Mr Lee also noted that the various joint-venture projects between Singapore's Temasek Holdings and Malaysia's Khazanah Nasional are making good progress.
The two investment companies have a couple of joint projects in Iskandar Malaysia, namely Afiniti Medini and Avira Medini.
These have a strong focus on wellness and have a combined gross development value of some RM3 billion.
Temasek and Khazanah also have a joint-venture company in Singapore called M+S Pte Ltd, which operates two major mixed-use developments - Marina One in Marina South and Duo in the Ophir-Rochor area.
"(The joint projects) show visibly that this is a win-win partnership that is progressing well," said Mr Lee at a press conference alongside Mr Najib at the Malaysian Prime Minister's Office.
The subject of water also came up during the leaders' retreat. Mr Najib said the two countries have agreed to work closely together to ensure that Singapore gets its share of water from Malaysia under the current agreement.
"There are some challenges, not least some of the effects of climate change that has affected the supply of water," said Mr Najib.
Mr Lee said that when it comes to water, both Singapore and Malaysia are clear on where they stand on this important issue.

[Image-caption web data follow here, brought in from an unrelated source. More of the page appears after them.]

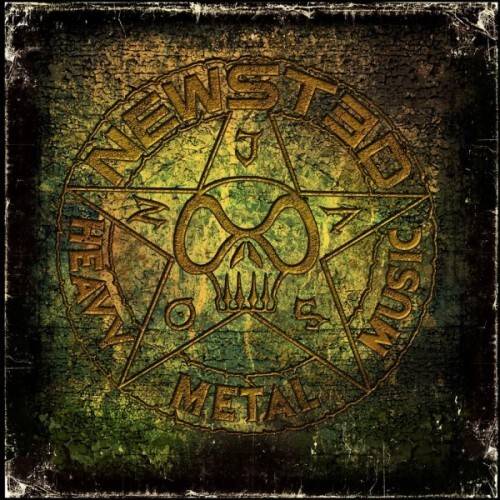 «Heavy Metal Music» de Newsted: la revanche de l'underdog (image)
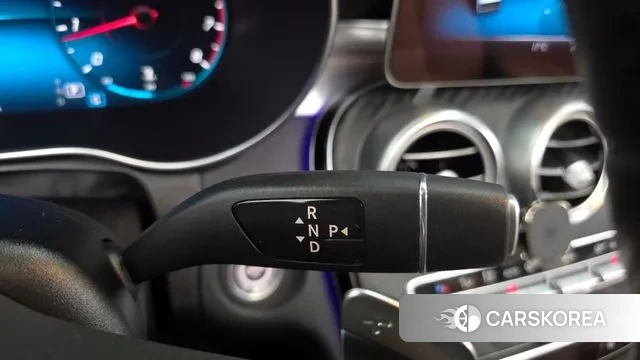 Mercedes-Benz C-Class W205 id 2965470 из Кореи 19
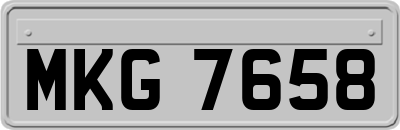 MKG7658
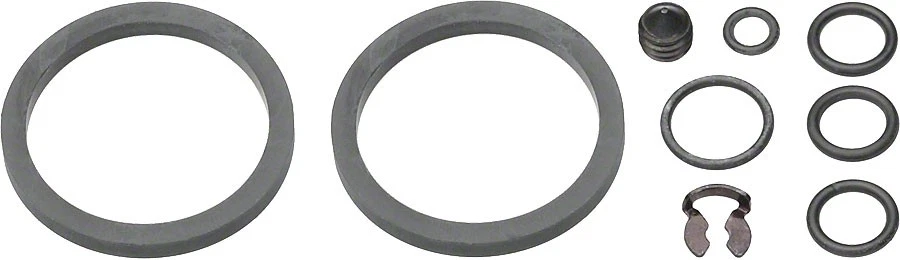 Avid Elixir Disc Brake Caliper Service Parts Kit | High-Performance, OEM Quality - Image 1 of 1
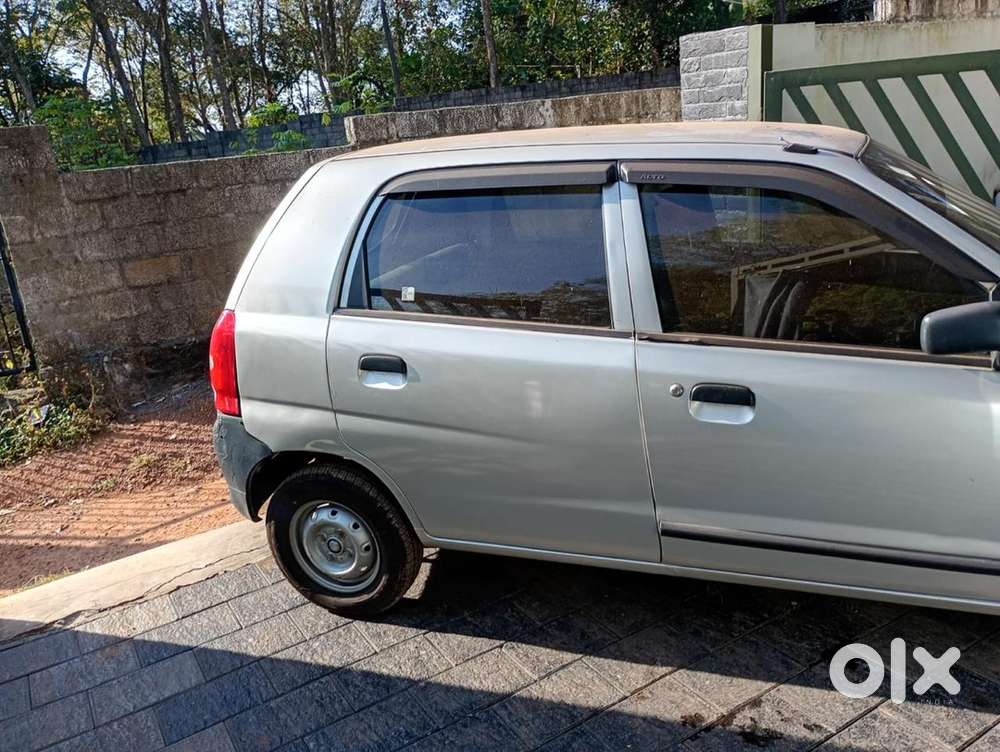 Good Condition Low Km
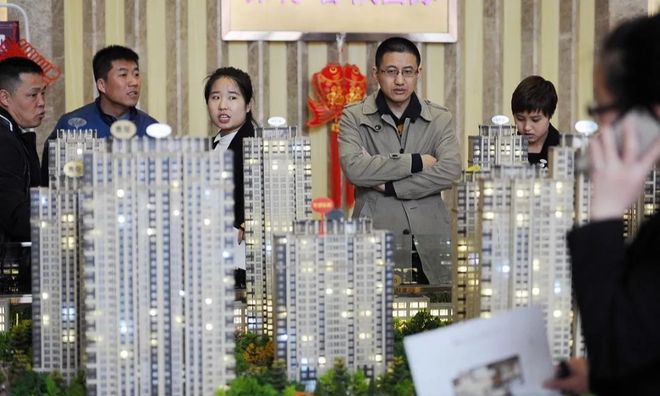 _买房降价了能赔偿吗_买完房降价算违法吗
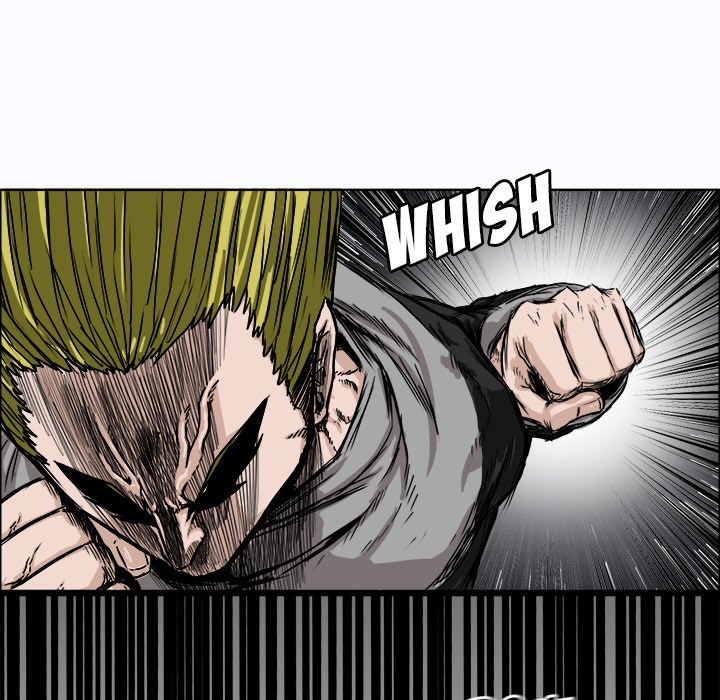 Boss in School Chapter 7 Gambar 19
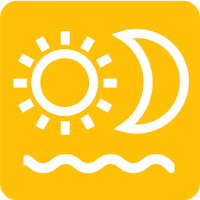 Kalender – Sonne und Mond für Android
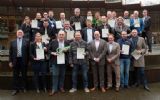 Landal heeft voor 40 van de 76 parken een Green Key-certificaat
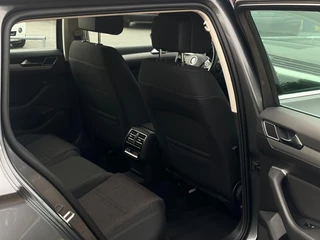 Volkswagen Passat Volkswagen Passat 1.4 TSI 150PK DSG AUTOMAAT TREKHAAK NAVI CAMERA - afbeelding nr 29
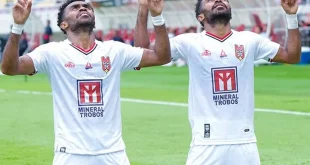 Yakob Yance Sayuri Minta Maaf atas Gagalnya Timnas di Piala Dunia 2026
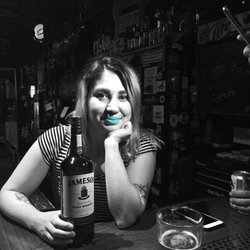 Bannock Street Garage - Tuesday, wednesday, friday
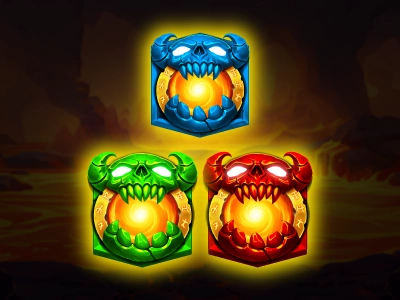 Hell Butcher - Free Spins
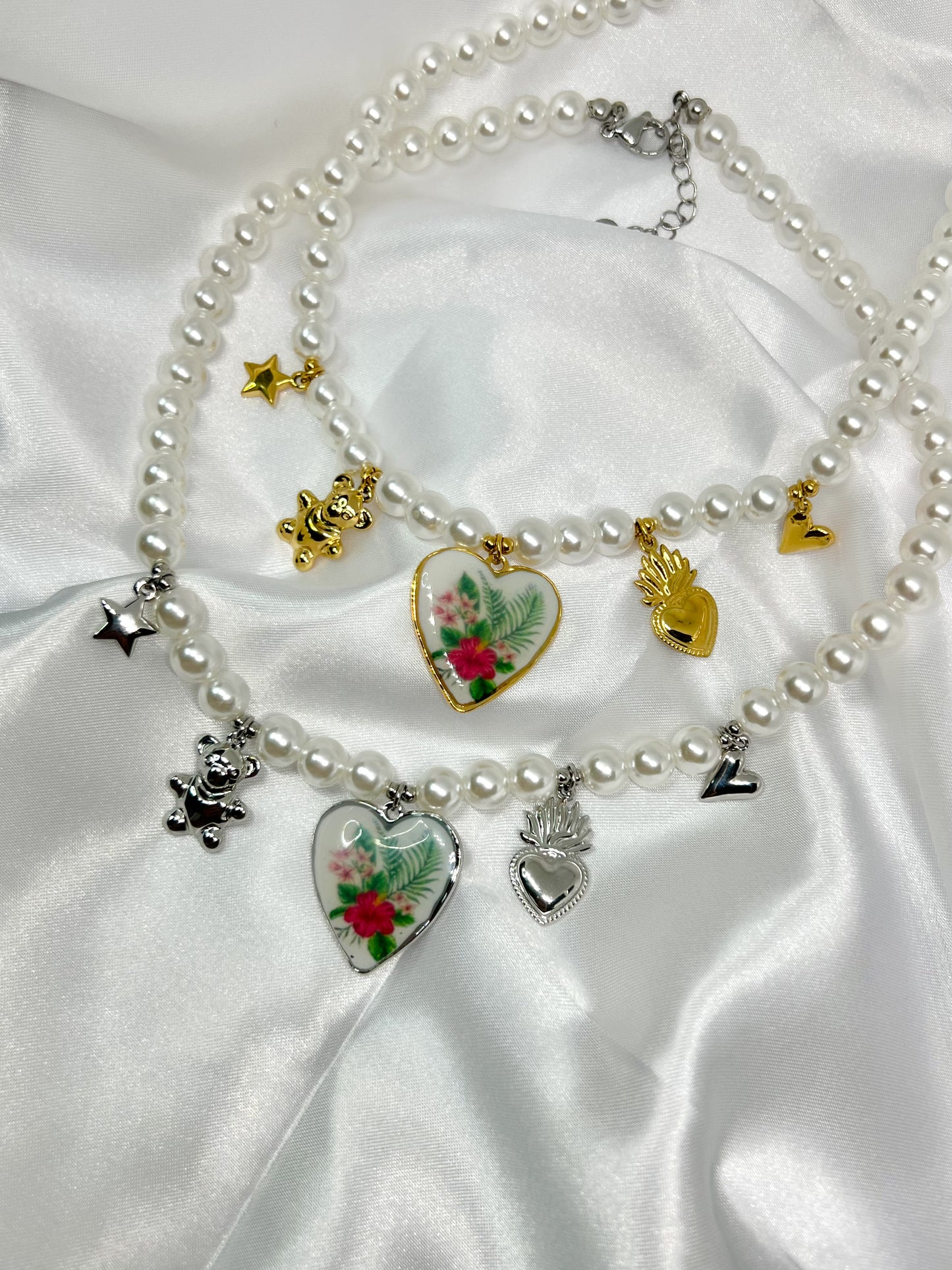 Collana Unica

"We are happy that we've agreed on the importance of ensuring reliable and adequate water supplies from the Johor river as provided for in the 1962 water agreement, and to take the necessary measures in order to make this happen," said the Singapore leader.
The Johor River Barrage is in the final stages of completion and will be fully operational by March 2017.
Mr Lee said this barrage has already made a difference to help increase the yield of the river.
Among the other topics that the two leaders discussed during their retreat were regional and international developments such as the impending change of government in the United States and Brexit in the UK.
They also talked about the importance of ASEAN integration and cohesion in a highly uncertain global environment.
Mr Najib said that both countries are "very pleased" with the overall state of bilateral relations between Malaysia and Singapore.
"There will always be challenges, but given the commitment at the highest levels that this should be an important relationship, one that is predicated on finding solutions, resolving problems and moving forward in a positive way," he said.
"That's the spirit that reflects the relationship that we've enjoyed between (PM Lee and I) and the two governments."